Die Musiker sind sich im Klaren, dass sie einen steinigen Weg beschreiten werden. Nichts ist in Deutschland schwieriger beziehungsweise brotloser als Kunst, die sich von freiberuflicher „Berufung" speist und nicht in Form von festangestellten, verbeamteten Orchestermusikern ausgeübt wird.
Doch der Weg in die Selbstständigkeit, in die „freie Kunstszene", bereitet dem Quadrat-Artett keine schlaflosen Nächte. Vielmehr brennen János Adrat, Florian Naegeli, Karl Kindermann und Felix Demeyere darauf, endlich loslegen zu können.
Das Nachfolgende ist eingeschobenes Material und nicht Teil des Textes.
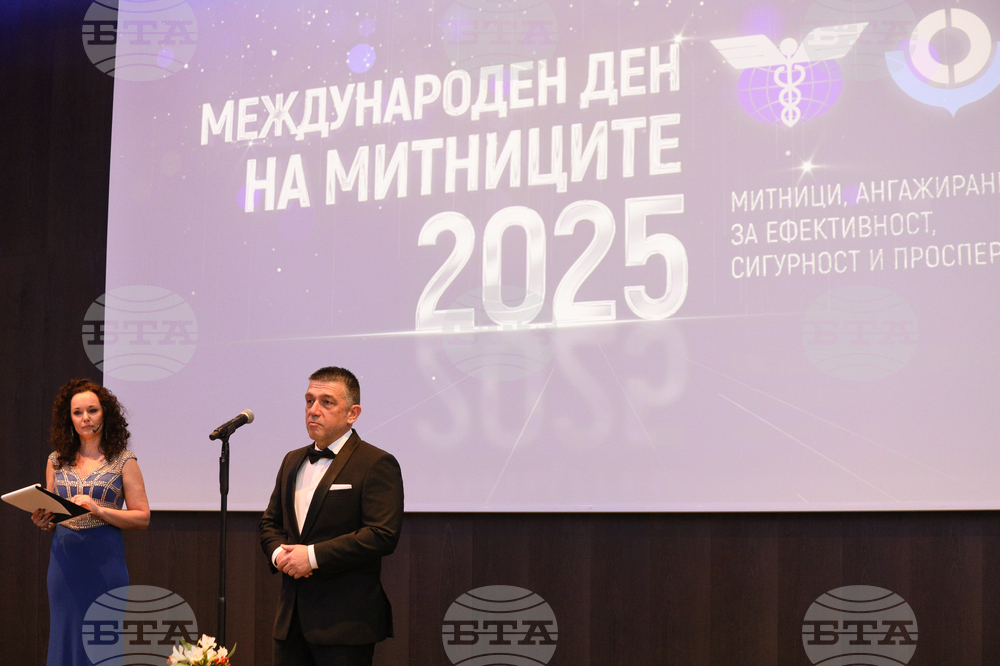 Агенция „Митници“: Митническа служителка, спасила водач от горящ камион, е „Митничар на годината“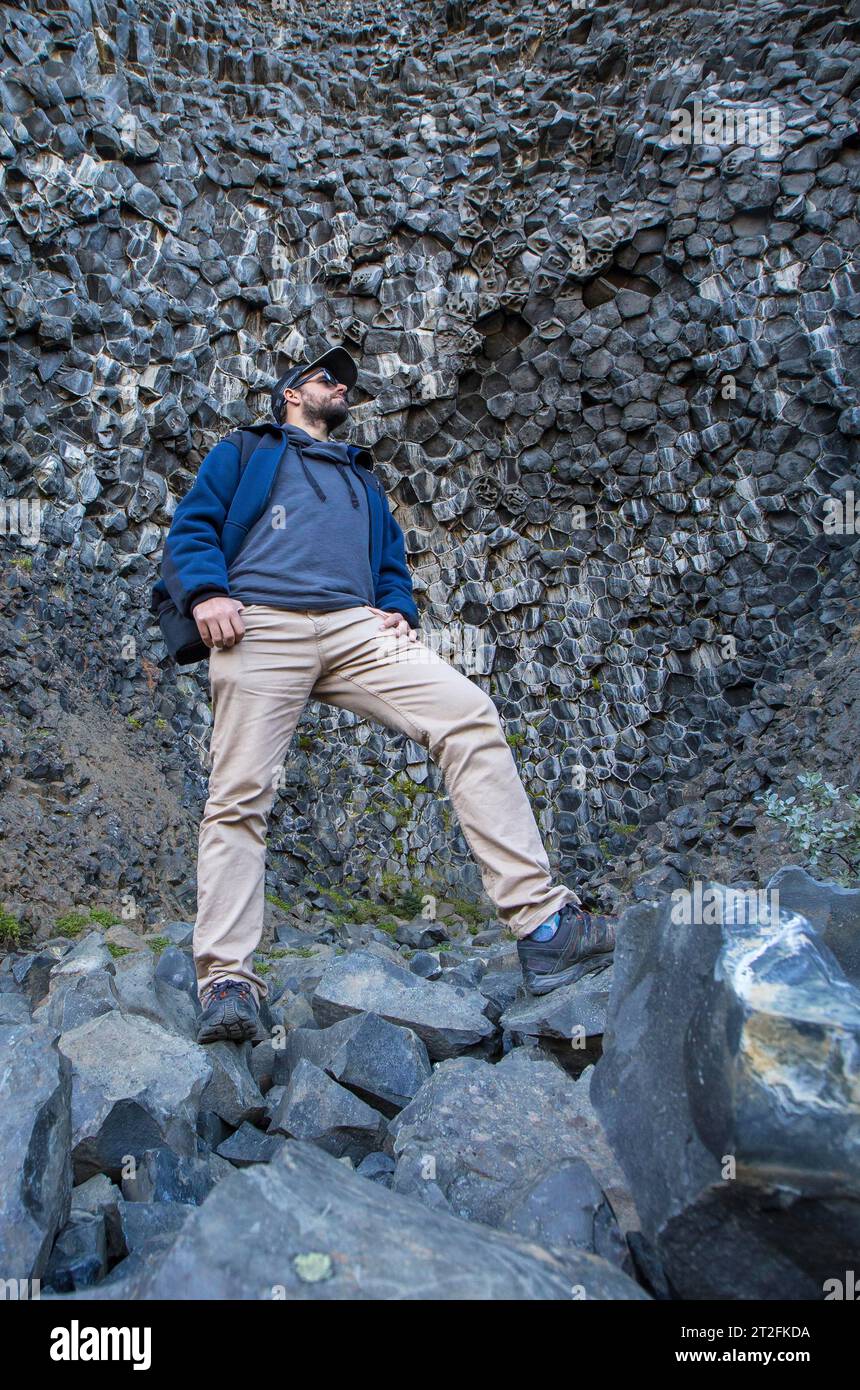 Un ragazzo dalle fantastiche forme di pietra sul sentiero di trekking Jokulsargljufur, Islanda Foto Stock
Anfänglich sah es für den Bandgründer noch so aussah, als würde er sich der klassischen Musik verschreiben und auf eine relativ sichere Stellung in einem klassischen Orchester zusteuern. Inspiriert von seinem musikalischen Vater Frank-Martin Adrat, hatte János per Zufall seine Liebe zur Trompete entdeckt. „Mein Vater hatte im Radio ein Stück mit einer Posaune gehört und war darauf ganz begeistert ins Musikhaus Knopp in Saarbrücken gestürmt, um neben dem Klavier nun auch noch Posaune zu erlernen. Als er das sperrige Instrument dort sah und mit dessen Größe nicht zurechtkam, entschied er sich, stattdessen eine Trompete zu kaufen", erzählt er. Zuhause lag die Trompete immer wieder offen im Wohnzimmer herum. János weiter: „Ich war neugierig und versuchte, diesem glitzernden Unikum Töne zu entlocken. Es klappte prima. Mit elf Jahren fing ich in der Musikschule Püttlingen bei Martin Ade mit dem Unterricht an, ich war irgendwann wie besessen von der Musik, mit 16 oder 17 Jahren war für mich klar, dass ich beruflich Musik machen wollte."
Nach dem Abitur am Albert-Einstein-Gymnasium in Völklingen zog es den Riegelsberger nach Hamburg. Hier studierte er brav drei Semester klassische Orchestermusik. „Anfangs dachte ich noch, ich würde eines Tages im Orchester sitzen. Doch im 4. Semester schnupperte ich ins Jazz-Rock-Pop-Studium an die Hochschule in Dresden bei Professor Till Brönner hinein. Von da an war es um mich geschehen. Seit diesem Zeitpunkt steht für mich fest, dass ich meine eigene Musik komponieren will, mit Freunden auf Tour gehen möchte und mich in Jazzclubs, auf der Bühne und in Konzerthallen wohler fühle als im Orchestergraben irgendeines Theaters."
Mit dem Bachelor in der Tasche gründete der mittlerweile 24-Jährige seine eigene Jazzcombo, das Quadrat Artett. Zu seinen drei Mitstreitern bekam er während des Studiums in Dresden Kontakt. Die Chemie zwischen den vier „großen Jungs" stimmt, sie harmonieren musikalisch, menschlich und in puncto Zukunftspläne. Alle wollen nach Lust und Laune Musik machen, sich keinen Zwängen unterordnen, sondern ihrer Berufung nachgehen.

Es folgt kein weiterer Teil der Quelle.